▶ **TASK DESCRIPTION**
When you write out the listing, keep each word exactly as it stands but include none of its images.

▶ **INPUT DATA**
▼

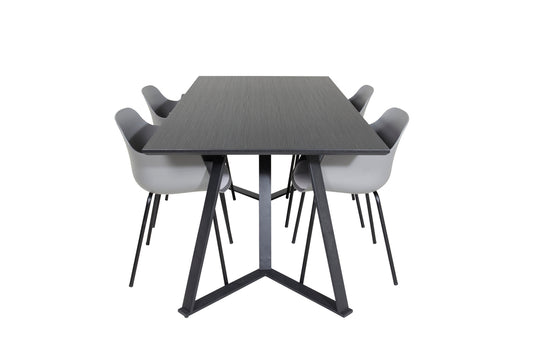 Marina, Comfort Rektangulært Spisebordssæt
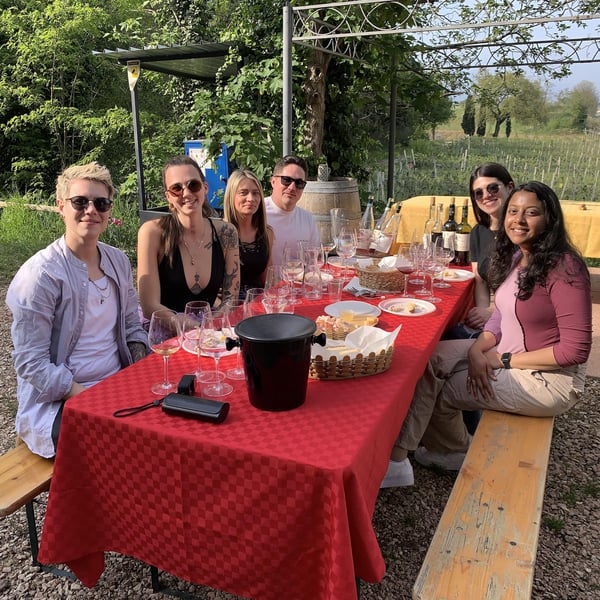 Silvia e Gianni Benciolini con Andrea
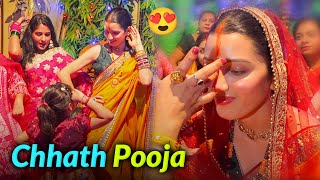 Chhath Pooja Mein Machaya Dhamaal  Shadi ke Baad Pehla Chhath Celebration [upl. by Sifan]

▲

▶ **TASK RESULT**
 Marina, Comfort Rektangulært Spisebordssæt
 Silvia e Gianni Benciolini con Andrea
 Chhath Pooja Mein Machaya Dhamaal  Shadi ke Baad Pehla Chhath Celebration [upl. by Sifan]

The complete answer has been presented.